Its reasonable to assume that there will be at most a handful of car operating systems and probably all will meet some basic criteria.  This means that the diversity of driving patterns we see on the roads today will disappear. So we have a situation of similar objects with many degrees of freedom and interacting in a non linear way.  In physics such system are invariably chaotic.  A simple way to understand the complexity of the system consider a single road.  When the distance between cars is large and there is no interaction the traffic flows.  However as more cars populate the road they start to interact.   When one car brakes so do all the others.  We see this even in human driving, as highways become congested the traffic is erratic even without visible obstructions.  For autonomous cars this will be accentuated since all cars have the same underlying logic, so certain situations are prone to trouble.  Since this is a road specific and multi car scenario, it requires extensive and accurate simulations to create safeguards in the car operating system which identify and change the interaction rules to delay the onset of chaos.

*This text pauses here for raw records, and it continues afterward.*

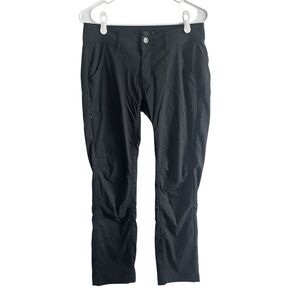 PrAna Halle Convertible Pants Hiking Outdoor Black Women 6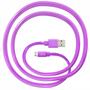 Дата кабель USB 2.0 AM to Micro 5P 1.2m Freedom Pink Just (MCR-FRDM-PNK) - 1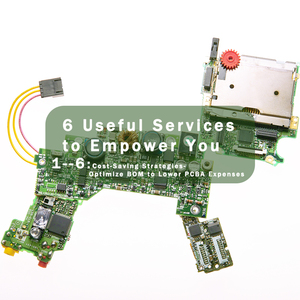 FC PCBA บริการ OEM ต้องการไฟล์ Gerber ส่วนประกอบการจัดหารายการ BOM ต้นแบบ PCB ประกอบแผงวงจรพีซีบีที่กำหนดเอง - Product Image 1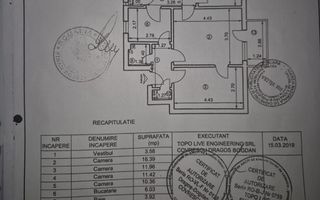 Apartament 4 camere decomandat | Traian, Râmnicu Vâlcea | 70,43 mp, etaj 4 - Poză 12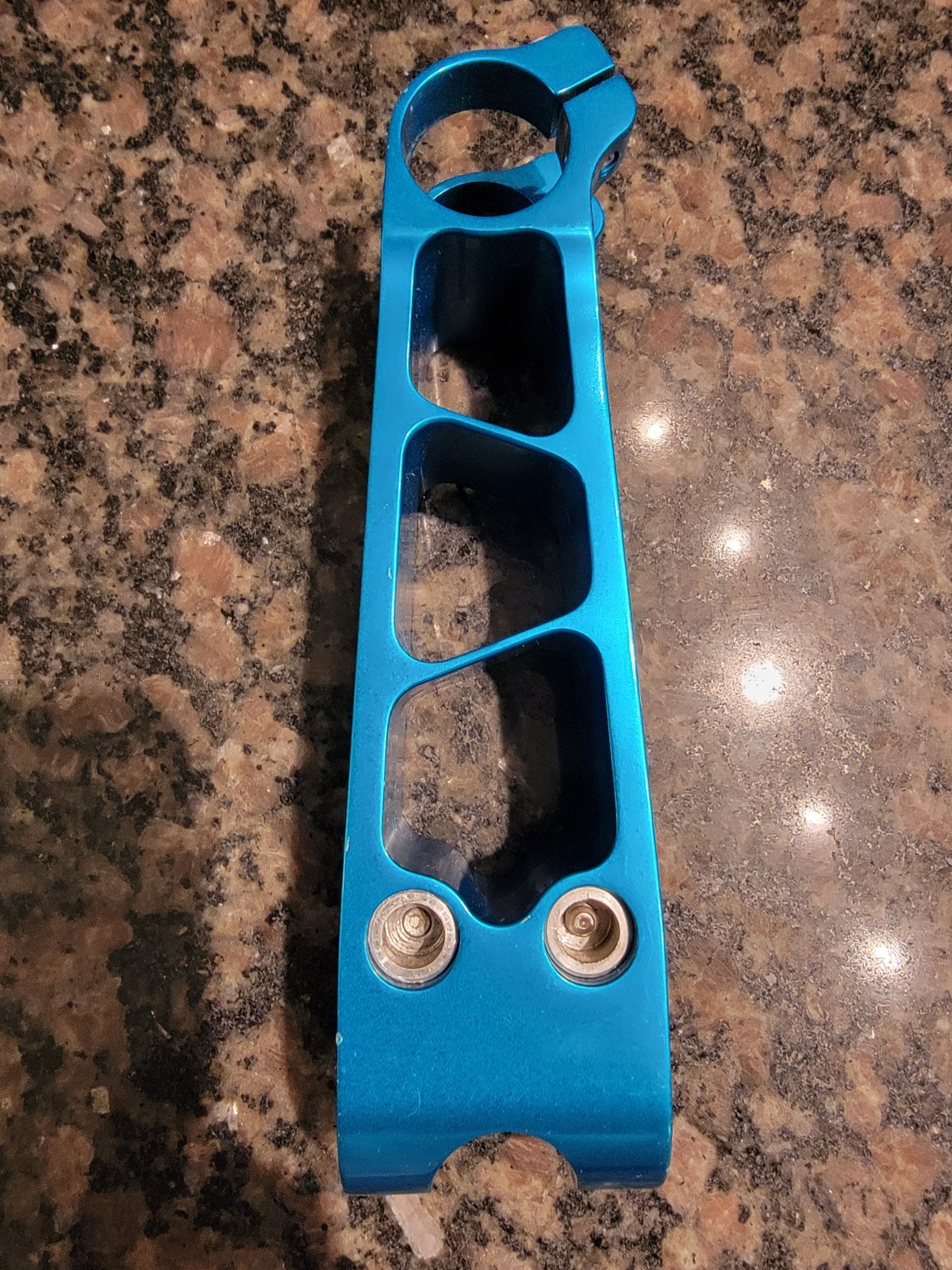 Vintage Kooka Billet Anodized Blue Stem 1 1/8 Rare CNC 90s MTB 130mm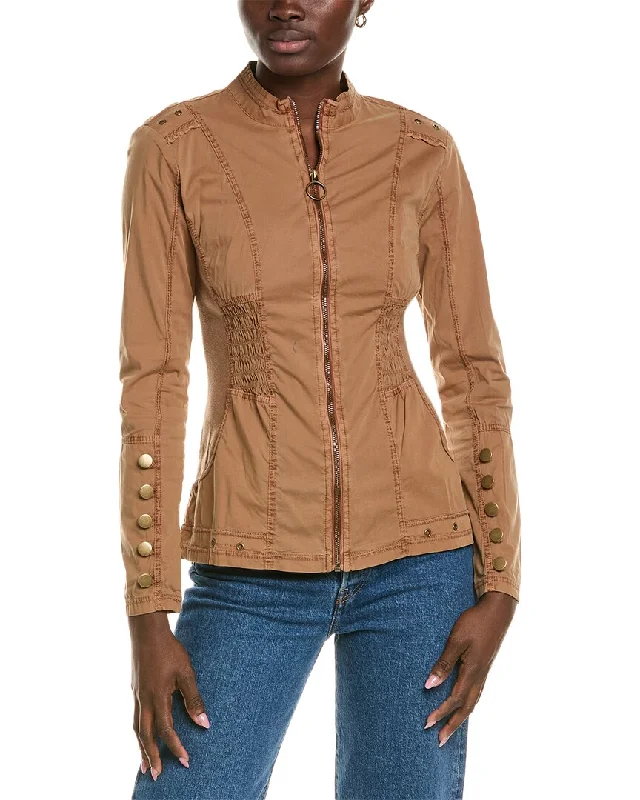 XCVI Rodan Jacket Knit Jacket Woven Jacket Fleece Jacket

These situations will be exasperated in mixed driving conditions when humans try to take advantage of the predefined rules of the autonomous vehicles.  For example, if an autonomous car always keeps it distance, there will always be a human driver cutting in, which will push the autonomous car further back in line.  The mixed driving period will be challenging in every aspect as even innocent behavior can have far reaching consequences raising questions of liability and fault.

 

 

 

Who will drive the driverless car

When RCA invented the car radio a century ago the household names of today, Google, Facebook, Apple Samsung and many others existed at best as an abstraction in a science fiction story. However a coalescence of trends is brewing a disruption to From the VW debacle to Apple I Car activity the car industry seems ripe for disruption.     

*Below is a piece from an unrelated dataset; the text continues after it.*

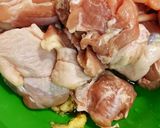 梅味噌の薬味たっぷり鶏焼き作り方3写真
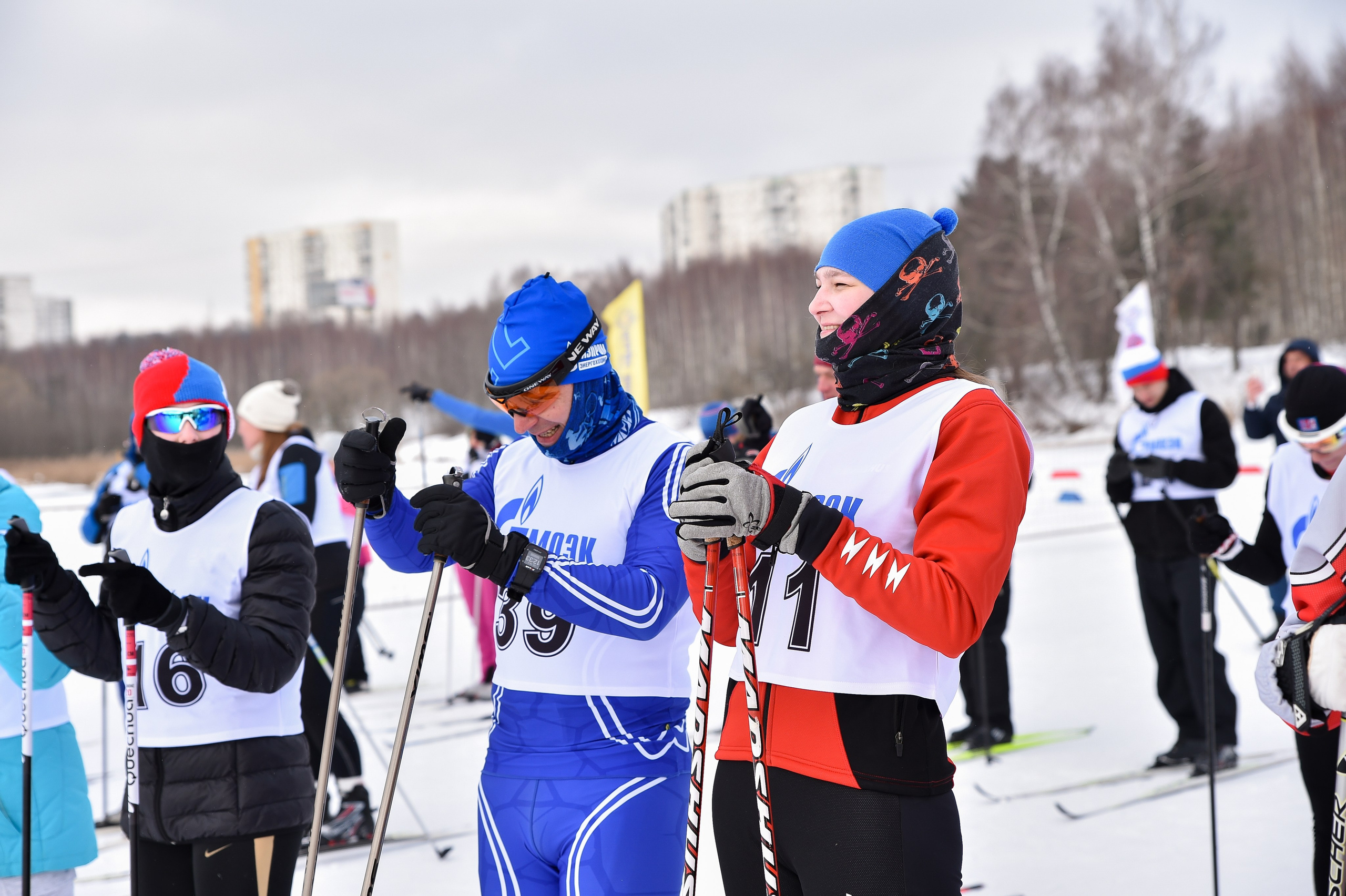 Лыжные гонки. Альфа-Битца. Репортажный и свадебный фотограф в Москве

There is only one small thing missing. The business case. Autonomous cars fall under one of two categories 

– enhancing safety and convenience 

– replacing taxi drivers by car sharing 

The business case of replacing taxi drivers is interesting since it hinges on the gig economy and the success of Uber and its fellow companies. The unanswered question is will this increase or decrease overall car sales.   Initial logic implies decreasing. As “public transportation” prevails, car ownership goes down. However hype crowding logic says “as every car becomes a profit center, more cars will be bought”. Time will tell, what prevails. 

The first aspect of increasing safety and convinience is the practical route and it seems that at least for image based technologies the price point is right and ripe for inclusion in the basic package of cars.